The Bench comprising Justices Nimal Gamini Amaratunga, K. Sripavan and Priyasath Dep PC., also directed the parties to file their written submissions on Tuesday (18).

The Court of Appeal referred seven references to the Supreme Court to interpret the constitutionality of Standing Order 78 (A) of Parliament.

The seven cases were filed in the Court of Appeal challenging the appointment of the Parliamentary Select Committee (PSC) to investigate the allegations against the Chief Justice. The petitioners stated that the PSC does not have judicial powers to inquire into the allegations.

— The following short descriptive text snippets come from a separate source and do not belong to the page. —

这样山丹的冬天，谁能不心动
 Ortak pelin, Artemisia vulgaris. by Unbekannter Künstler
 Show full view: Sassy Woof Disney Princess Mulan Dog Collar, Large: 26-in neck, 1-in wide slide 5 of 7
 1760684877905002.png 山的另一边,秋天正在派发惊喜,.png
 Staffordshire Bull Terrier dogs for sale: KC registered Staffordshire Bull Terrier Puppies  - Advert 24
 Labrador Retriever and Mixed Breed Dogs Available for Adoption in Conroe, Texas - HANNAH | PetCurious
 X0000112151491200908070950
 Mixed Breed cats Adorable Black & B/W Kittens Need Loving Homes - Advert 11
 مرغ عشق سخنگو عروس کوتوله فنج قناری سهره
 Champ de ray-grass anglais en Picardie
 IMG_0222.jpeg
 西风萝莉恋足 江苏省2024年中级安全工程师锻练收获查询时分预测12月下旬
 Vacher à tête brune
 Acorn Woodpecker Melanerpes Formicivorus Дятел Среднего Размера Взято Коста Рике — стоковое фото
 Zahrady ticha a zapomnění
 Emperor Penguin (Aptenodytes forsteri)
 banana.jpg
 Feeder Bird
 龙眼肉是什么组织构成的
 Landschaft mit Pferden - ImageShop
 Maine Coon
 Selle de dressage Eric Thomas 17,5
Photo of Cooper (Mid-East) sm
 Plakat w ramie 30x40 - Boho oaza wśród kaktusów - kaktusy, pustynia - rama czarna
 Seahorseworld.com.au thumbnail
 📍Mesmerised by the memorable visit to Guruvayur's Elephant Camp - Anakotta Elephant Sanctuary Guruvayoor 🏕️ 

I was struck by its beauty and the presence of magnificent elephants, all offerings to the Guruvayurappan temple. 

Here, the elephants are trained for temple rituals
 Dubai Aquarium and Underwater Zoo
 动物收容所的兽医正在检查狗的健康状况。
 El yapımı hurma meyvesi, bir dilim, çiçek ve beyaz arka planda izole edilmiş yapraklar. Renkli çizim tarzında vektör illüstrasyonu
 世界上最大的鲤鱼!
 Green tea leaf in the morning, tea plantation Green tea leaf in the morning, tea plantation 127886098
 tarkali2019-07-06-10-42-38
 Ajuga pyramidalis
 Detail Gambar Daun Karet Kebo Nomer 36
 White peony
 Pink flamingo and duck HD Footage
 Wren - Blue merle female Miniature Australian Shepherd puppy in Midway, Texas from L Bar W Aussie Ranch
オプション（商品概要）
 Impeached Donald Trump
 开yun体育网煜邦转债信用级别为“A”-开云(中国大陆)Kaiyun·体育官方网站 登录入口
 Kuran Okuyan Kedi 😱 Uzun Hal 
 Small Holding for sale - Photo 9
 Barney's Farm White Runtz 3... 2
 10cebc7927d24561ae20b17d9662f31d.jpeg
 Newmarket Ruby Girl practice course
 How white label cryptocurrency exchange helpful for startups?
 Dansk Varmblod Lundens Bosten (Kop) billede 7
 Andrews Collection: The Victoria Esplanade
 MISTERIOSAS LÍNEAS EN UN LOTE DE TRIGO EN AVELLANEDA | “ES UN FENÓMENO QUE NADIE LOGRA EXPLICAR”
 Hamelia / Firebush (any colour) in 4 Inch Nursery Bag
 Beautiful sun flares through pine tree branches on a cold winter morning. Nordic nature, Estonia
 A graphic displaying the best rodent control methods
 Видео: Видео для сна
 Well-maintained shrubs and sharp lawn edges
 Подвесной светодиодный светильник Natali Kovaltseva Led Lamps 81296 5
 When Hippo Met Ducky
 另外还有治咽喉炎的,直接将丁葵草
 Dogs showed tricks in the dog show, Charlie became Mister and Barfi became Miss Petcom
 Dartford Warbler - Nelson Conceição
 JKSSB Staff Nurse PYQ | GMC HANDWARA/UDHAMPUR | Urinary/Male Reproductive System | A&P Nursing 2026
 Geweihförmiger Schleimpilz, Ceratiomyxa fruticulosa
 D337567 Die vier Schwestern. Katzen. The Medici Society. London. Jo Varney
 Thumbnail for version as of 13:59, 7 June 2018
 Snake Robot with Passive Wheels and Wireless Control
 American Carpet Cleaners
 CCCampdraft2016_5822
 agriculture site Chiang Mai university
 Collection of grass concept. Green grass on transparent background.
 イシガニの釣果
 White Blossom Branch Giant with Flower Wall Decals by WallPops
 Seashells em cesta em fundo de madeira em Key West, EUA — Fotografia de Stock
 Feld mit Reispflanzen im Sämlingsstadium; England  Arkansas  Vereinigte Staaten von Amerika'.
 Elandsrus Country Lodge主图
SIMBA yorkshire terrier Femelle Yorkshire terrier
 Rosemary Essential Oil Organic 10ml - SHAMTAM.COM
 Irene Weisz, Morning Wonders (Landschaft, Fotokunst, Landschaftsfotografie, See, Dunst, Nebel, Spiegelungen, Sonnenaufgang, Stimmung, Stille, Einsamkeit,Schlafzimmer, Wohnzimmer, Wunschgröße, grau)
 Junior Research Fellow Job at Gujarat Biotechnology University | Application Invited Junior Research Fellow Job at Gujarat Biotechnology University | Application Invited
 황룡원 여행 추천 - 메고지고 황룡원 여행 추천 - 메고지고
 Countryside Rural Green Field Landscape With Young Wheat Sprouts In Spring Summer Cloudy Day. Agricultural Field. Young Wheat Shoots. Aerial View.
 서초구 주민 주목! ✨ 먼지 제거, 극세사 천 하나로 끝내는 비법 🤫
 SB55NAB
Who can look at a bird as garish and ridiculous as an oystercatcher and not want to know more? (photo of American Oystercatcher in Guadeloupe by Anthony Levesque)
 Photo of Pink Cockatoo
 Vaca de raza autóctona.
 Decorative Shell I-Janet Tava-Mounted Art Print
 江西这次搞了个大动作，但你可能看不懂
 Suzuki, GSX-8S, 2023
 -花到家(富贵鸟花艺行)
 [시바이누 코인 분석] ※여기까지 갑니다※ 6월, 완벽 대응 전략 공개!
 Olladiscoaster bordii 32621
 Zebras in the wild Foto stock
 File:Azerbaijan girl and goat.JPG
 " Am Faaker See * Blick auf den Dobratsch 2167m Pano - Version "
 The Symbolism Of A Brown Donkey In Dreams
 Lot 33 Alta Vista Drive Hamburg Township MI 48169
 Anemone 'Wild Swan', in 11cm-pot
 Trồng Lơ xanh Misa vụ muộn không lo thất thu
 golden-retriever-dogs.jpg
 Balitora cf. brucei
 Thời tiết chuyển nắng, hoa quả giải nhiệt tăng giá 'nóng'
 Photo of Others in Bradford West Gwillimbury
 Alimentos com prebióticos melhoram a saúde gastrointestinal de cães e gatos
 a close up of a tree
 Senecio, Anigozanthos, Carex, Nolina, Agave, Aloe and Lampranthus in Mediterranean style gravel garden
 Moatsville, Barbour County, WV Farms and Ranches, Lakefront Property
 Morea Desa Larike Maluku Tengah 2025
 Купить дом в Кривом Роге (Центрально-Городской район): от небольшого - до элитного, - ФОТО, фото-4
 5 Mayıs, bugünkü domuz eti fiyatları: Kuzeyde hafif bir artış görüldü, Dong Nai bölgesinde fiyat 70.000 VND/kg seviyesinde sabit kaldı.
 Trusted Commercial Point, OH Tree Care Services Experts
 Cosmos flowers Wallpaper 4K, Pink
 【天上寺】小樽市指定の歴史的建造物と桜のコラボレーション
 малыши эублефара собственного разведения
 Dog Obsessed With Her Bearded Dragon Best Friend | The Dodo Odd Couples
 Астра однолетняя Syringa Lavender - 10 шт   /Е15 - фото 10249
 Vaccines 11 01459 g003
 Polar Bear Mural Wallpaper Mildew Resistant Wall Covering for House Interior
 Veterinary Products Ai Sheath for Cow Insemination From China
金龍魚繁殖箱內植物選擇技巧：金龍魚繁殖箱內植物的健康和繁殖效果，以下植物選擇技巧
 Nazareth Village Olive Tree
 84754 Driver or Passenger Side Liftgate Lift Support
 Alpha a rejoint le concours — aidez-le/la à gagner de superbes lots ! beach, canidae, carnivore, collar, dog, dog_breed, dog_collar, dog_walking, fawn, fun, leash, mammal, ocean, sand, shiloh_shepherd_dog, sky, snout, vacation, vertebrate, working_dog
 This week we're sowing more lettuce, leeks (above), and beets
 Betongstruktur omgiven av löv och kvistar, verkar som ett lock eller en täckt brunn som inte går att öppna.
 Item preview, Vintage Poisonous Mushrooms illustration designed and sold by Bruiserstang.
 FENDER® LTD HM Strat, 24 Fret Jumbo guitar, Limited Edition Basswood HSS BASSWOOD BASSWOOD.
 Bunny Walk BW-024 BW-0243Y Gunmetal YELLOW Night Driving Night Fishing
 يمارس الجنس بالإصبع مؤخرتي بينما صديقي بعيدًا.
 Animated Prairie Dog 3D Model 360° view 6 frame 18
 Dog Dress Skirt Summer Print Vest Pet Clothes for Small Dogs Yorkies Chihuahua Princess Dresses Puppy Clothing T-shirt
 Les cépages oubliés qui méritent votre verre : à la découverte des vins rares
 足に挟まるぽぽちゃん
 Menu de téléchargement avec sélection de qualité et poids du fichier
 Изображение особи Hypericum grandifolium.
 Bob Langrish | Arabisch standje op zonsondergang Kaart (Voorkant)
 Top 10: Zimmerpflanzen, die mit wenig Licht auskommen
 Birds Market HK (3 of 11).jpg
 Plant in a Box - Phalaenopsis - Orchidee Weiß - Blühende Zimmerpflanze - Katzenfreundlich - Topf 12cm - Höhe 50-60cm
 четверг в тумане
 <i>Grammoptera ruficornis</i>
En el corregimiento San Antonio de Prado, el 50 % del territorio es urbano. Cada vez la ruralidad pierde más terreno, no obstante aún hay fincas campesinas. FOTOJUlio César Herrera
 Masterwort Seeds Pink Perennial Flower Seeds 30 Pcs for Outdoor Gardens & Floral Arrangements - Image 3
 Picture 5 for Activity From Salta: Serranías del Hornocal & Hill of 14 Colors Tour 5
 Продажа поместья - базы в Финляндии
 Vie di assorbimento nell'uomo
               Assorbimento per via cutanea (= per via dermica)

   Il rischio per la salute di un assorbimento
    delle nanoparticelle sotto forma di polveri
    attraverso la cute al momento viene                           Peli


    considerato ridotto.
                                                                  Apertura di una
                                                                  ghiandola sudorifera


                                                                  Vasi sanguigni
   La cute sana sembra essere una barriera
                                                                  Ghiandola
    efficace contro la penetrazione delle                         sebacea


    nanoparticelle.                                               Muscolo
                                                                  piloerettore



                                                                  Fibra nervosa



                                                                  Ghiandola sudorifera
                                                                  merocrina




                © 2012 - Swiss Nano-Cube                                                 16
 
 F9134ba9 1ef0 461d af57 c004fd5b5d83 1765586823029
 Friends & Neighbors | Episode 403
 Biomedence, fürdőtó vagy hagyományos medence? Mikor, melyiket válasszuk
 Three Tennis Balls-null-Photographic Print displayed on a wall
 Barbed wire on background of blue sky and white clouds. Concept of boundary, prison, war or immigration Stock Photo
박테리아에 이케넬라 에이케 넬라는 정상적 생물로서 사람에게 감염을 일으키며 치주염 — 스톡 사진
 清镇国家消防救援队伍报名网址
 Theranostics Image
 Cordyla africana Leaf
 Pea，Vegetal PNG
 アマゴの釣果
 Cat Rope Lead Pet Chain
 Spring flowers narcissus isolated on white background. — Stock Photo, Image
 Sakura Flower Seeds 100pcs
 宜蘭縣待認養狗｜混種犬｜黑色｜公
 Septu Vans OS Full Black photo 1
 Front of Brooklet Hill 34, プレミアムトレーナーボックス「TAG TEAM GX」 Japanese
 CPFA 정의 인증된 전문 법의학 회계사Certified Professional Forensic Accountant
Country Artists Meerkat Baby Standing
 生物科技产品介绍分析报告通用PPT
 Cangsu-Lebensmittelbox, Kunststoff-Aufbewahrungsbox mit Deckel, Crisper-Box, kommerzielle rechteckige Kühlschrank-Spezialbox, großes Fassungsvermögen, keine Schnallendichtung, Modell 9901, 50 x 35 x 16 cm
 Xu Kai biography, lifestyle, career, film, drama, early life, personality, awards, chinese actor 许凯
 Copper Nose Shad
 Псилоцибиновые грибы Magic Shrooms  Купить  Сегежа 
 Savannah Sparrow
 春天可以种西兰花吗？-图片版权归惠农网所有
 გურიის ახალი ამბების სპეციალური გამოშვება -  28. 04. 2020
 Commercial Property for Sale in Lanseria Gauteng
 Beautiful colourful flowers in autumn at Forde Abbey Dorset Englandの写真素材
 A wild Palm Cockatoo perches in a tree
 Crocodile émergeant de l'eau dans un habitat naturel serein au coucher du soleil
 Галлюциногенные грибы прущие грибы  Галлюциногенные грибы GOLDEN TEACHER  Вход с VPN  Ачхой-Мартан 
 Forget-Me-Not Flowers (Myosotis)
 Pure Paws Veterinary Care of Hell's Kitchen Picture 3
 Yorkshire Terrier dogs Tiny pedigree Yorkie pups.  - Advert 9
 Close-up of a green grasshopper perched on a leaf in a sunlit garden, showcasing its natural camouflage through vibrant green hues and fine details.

Commencing the arguments that the country was at a critical juncture in the history of our nation and quoting from history President’s Counsel K.Kanag-Ishwaran said “Barbarians are at the gate of the Temple of Justice. You let them in, they will destroy all that is sacred to us and install at the Altar of Justice, false prophets.” He submitted that according to the preamble to the Constitution, it is the Supreme Law of the country, nothing, no organ of the state is above it.

Three organs – the Executive, Legislature and Judiciary – derive power from it and have to act within the limits of their authority. The Supreme Court is the ultimate interpreter of the Constitution and it could determine what power is given to each branch of the government and whether any action of any of that branch transgresses such limits.

The Supreme Court upholds the constitutional values and enforces the constitutional limitations, which is the essence of the rule of law,” he argued. He continued that because Article 4(C) of the Constitution guarantees the independence of the Judiciary it is necessary for the mechanism for the investigation and proof of judicial functions be kept outside Parliament. Parliament has no role in finding the incapacity of any judge. Such incapacity of the judges should be proved by a judicial process before it comes to Parliament. In the case of the impeachment of the President, the finding of the ‘incapacity’ of the President would be done by the Supreme Court, outside Parliament. Similarly, in case of the impeachment of the Judges, it is the legislature which initiates the process and the finding of guilt should be done outside Parliament by an independent judicial body.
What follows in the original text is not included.